Sustainability Co-Op-Ed Piece

Oct 10

It once seemed that all of the exciting changes toward increased implementation of green solutions to sustainability problems could be found happening in metropolitan areas. Subsequently, it also seemed that younger demographic shifts away from sub-urban to urban areas fueled the migration politically. In other words, cities have the strength of their municipalities and income of their tax base to localize significant projects, and concentrate their impact per square mileage inside densely populated areas, so they always appear more progressive. New York City, Austin, Portland, Ashville, and Detroit (a rare tabula rasa of a once flagship American city), have all been tagged as torch bearers in leading projects highlighting alternative and sustainable growth.

In Detroit, green builders see a rare opportunity, and grassroots efforts are already configuring new ways to farm in the city.This establishes neighborhood food co-ops as well as source locally-grown produce. The process also transforms abandoned streetscapes into communities, organized political power, and food … all while converting waste into recyclable energy through composting, repurposing, and solar power.

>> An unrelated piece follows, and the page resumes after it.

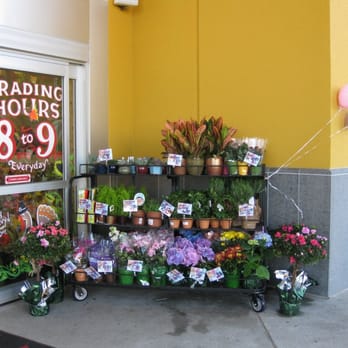 Trader Joe's - Grocery Near Me - San Mateo, California Trader Joe's - Grocery Near Me - San Mateo, California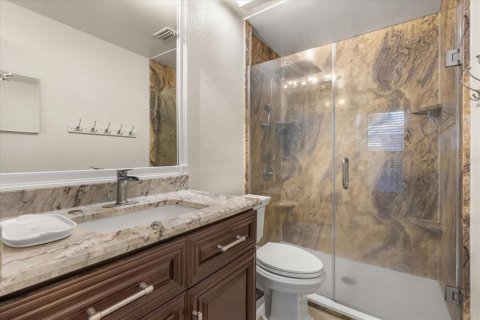 House in Orlando, Florida 3 bedrooms, 119.94 sq.m. № 2122590 - photo 23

But this kind of progress has already been in the works, and as alluring as these city stages are for showcasing green initiatives, they are not the “end all, be all” of making a greener future more attractive. The consumer and the activistare both subject to are “in vogue” flavors of advertising. “Consider it a part we can all play, by simply switching to an Energy Star stamped appliance,” that advertisement might say never mind the fact that the standards for receiving an Energy Star label are practically give it away.

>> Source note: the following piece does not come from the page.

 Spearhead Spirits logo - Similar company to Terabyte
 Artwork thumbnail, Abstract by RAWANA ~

We suggest that the incoming generations of builders, activists, and growers look beyond the flooded city markets and consider rural life. While skyscraper terra-farming looks great on the cover page of the Atlantic, only wide open pastures can produce locally grown livestock. And, surprisingly, there is much more space for start-ups, whereas the systems in place for preserving the consumer supply chain in urban and sub-urban areas have entrenched political power. Rural areas are ripe as autumn Macintosh apples for new systems which aren’t reliant on the old guard’s insistence that supply systems be built around automobile transportation. Without a consumer based supply system built around established chain retailers and so forth, start-ups can introduce new systems to meet consumer demand, but build it sustainably, and rely on locally sourced material.

After all, we’re talking about new land development, and getting away from the modern division of sub-urban. In a rural setting, new initiatives can start to have real autonomy—with a place to stretch out and build from scratch rather than a lab in the basement, so to speak.